(DATA SEGMENT begins)

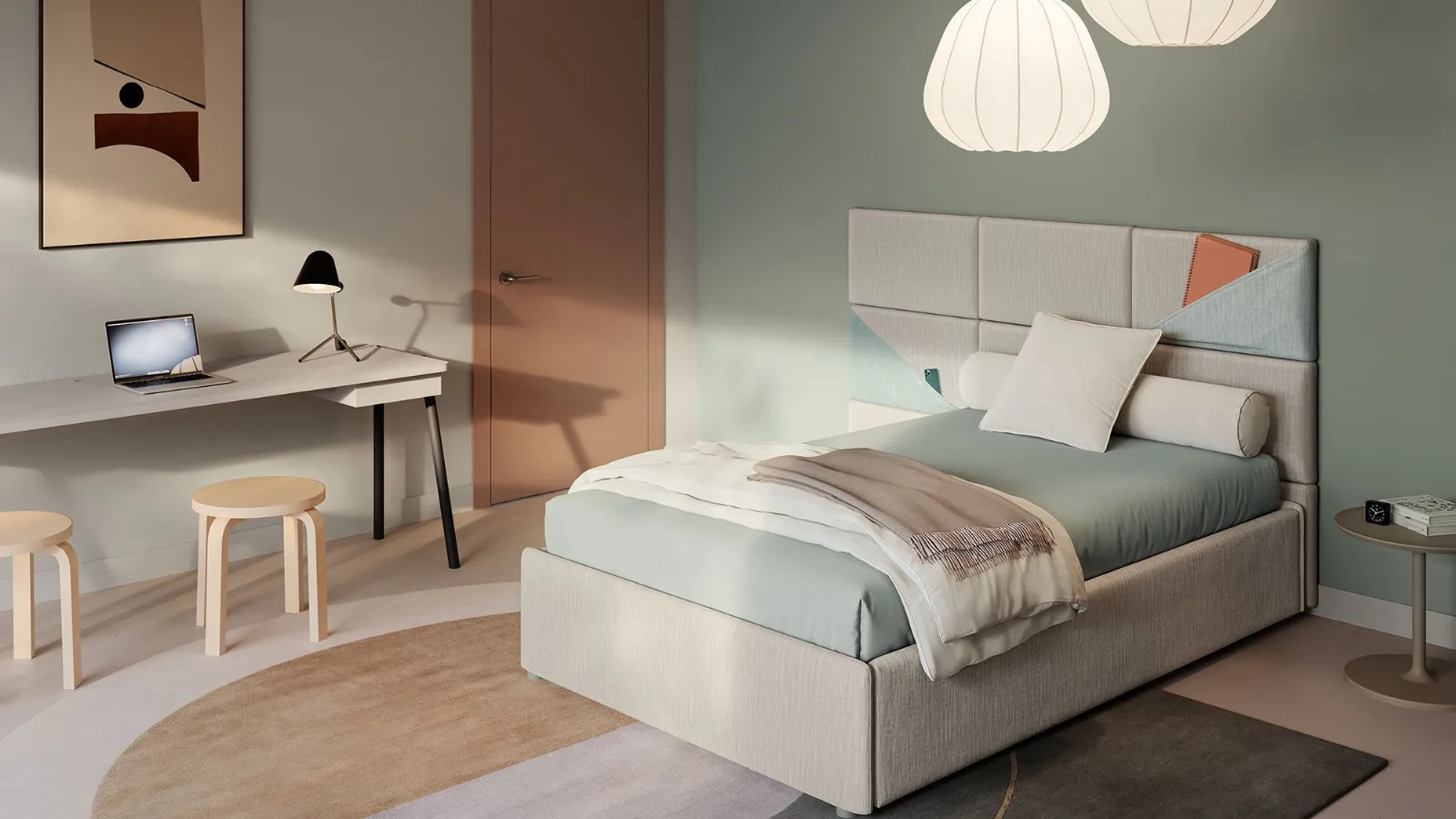 Letto singolo con box contenitore Boiserie Marlene di Twils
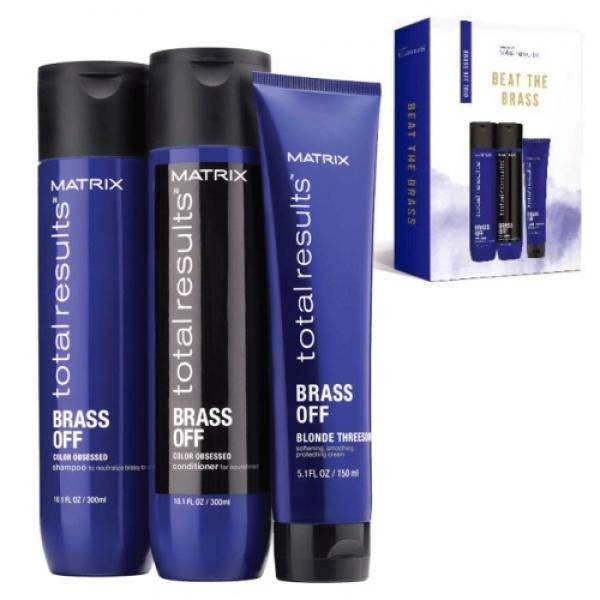 Matrix Total Results Beat The Brass Brass Off Trio Pack Includes Shampoo Conditioner And Treatment Matrix
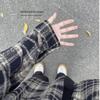 Women's Retro Red Plaid Brushed Shirt Jacket - Long Sleeve Casual Top for Autumn/Winter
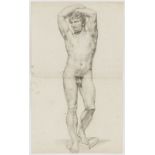 Constant Gabriel Vaucher (1768-1841) Nu masculin fusain sur papier 62x37 cm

(DATA SEGMENT ends)

# BRIEF
Repeat the data above exactly, leaving out any pictures it holds.

# RESULT FOR THIS TASK
 Letto singolo con box contenitore Boiserie Marlene di Twils
 Matrix Total Results Beat The Brass Brass Off Trio Pack Includes Shampoo Conditioner And Treatment Matrix
 Women's Retro Red Plaid Brushed Shirt Jacket - Long Sleeve Casual Top for Autumn/Winter
 Constant Gabriel Vaucher (1768-1841) Nu masculin fusain sur papier 62x37 cm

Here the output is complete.